** Records follows **

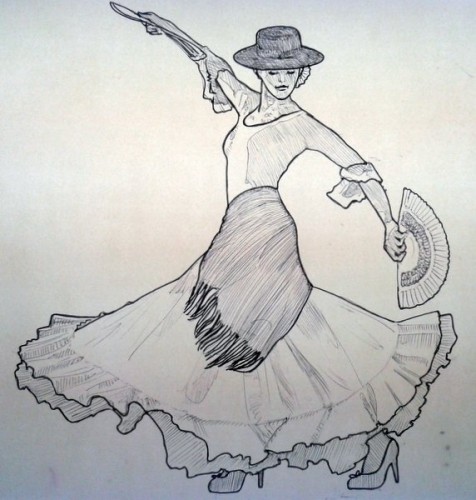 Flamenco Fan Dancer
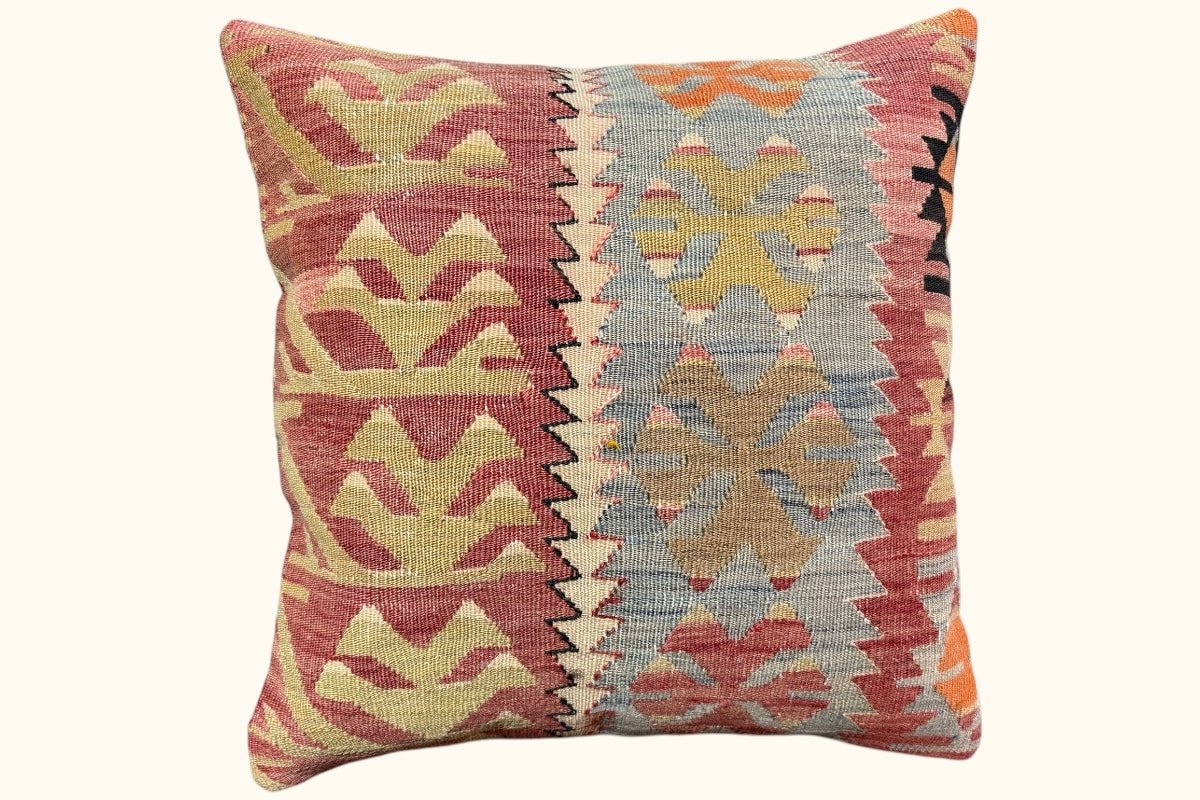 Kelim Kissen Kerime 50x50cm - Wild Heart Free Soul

** End of Records **
** Records follows **

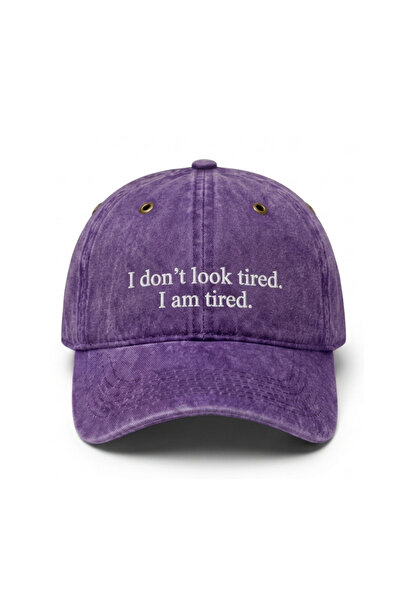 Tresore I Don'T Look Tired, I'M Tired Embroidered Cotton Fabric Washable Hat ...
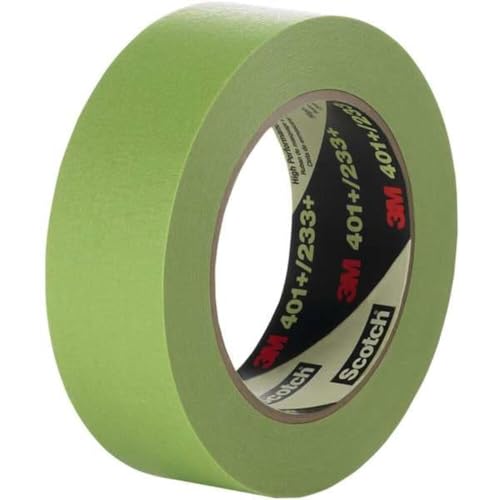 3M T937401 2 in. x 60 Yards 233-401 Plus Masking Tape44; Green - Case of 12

** End of Records **

◆ **What you are asked to do**: Could the stretch from the line with "Flamenco Fan Dancer" through the line with "Kelim Kissen Kerime" in the listing above be restated word for word, minus the pictures?

◆ **Result of this task**:
 Flamenco Fan Dancer
 Kelim Kissen Kerime 50x50cm - Wild Heart Free Soul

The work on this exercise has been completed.